This page is automatically synchronized with integration components.

Last Updated: 2025-12-04 Component Version Tracking:

GitHub MCP: v1 (updated 2025-12-04)
GitHub Document Loader: v3 (updated 2025-12-04)

Overview

GitHub is the world's leading software development platform, providing Git repository hosting, collaborative code review, project management, and DevOps automation. The AnswerAgentAI integration with GitHub enables you to build intelligent workflows that interact with your repositories, issues, pull requests, and development processes.
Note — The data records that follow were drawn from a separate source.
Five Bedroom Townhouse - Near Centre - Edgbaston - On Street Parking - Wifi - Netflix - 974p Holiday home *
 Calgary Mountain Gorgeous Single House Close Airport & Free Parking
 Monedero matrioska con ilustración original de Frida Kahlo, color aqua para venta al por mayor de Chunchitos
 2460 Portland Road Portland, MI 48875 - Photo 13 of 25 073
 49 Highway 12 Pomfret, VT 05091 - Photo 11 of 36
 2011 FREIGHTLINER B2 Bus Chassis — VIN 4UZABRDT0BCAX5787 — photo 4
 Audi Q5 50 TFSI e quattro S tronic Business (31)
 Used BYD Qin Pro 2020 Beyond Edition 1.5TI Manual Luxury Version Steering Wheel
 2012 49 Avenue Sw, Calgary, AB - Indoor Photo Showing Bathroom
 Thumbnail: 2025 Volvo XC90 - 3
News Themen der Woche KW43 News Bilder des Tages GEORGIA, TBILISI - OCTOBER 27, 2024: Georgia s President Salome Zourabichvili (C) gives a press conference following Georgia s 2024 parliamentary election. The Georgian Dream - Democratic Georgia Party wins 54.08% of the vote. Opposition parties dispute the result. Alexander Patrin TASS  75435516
With this integration, you can:

Load repository data into AI workflows using the Document Loader
Manage repositories programmatically through the MCP (Model Context Protocol) server
Automate code reviews with AI-powered analysis and suggestions
Generate documentation from codebases automatically
Triage and respond to issues using natural language understanding
Create and update pull requests as part of automated workflows
Search across repositories using semantic understanding

GitHub's comprehensive API and webhook system make it ideal for AI integrations, enabling everything from automated code analysis and documentation generation to intelligent issue management and developer productivity tools.

Quick Start

Obtaining Credentials

GitHub uses Personal Access Tokens (PATs) for API authentication. You'll need different token scopes depending on your use case.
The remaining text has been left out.